Yes, I know it doesn’t make a lot of sense to offer France & their allies at the UN decision making power in Iraq (and that’s what France has consistently demanded if they’re going to participate) given that they don’t want us to succeed, but that’s leftist thinking on foreign policy for you.

So what’s going on with France? It’s all rooted in the end of the Cold War. Once the Cold War ended, no one in Europe was obliged to cooperate with us in order to guarantee that they wouldn’t get pinned under a Soviet boot. Now that they don’t feel that they “need us” anymore, some nations, like France feel free to oppose us in ways that that would have been considered unthinkable during the Cold War. That’s not surprising, it’s human nature. Look to Pre-WW2 Europe and you’ll see the same sort of behavior. Luckily for the planet, Europe isn’t as full of heavily armed & belligerent nations as it was then — at least for the moment.

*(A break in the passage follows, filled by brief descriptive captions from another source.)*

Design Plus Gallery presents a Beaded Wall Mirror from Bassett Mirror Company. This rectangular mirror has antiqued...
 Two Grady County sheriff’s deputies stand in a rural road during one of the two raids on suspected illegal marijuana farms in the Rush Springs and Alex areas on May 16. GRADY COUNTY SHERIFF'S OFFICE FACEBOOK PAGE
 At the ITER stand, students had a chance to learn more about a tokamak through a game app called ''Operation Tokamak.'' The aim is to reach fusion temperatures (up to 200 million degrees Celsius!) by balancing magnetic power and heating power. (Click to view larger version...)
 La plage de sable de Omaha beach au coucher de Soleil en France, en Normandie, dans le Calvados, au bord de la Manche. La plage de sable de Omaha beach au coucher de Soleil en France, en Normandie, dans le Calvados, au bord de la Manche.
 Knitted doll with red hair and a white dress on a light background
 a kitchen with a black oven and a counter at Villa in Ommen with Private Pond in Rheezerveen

It is, “time we Americans came to terms” with what’s going on not only in France, but to a lesser extent in Europe as a whole. We are not going to have the same sort of relationship with them for the foreseeable future that we did during the Cold War. It’s no longer “us against the world” like it was back then. That doesn’t mean every European nation is or will become our enemy, it just means that things are still sorting themselves out. Over the next few years, we’ll start to get a much better idea of who’s with us, who’s against us, and who is willing to be bought by the highest bidder — at least as long as the quasi-Fascist super state so many European bureaucrats dream of doesn’t actually come into being.

That’s what the post 9/11 world is going to be like & we’d better get used to it.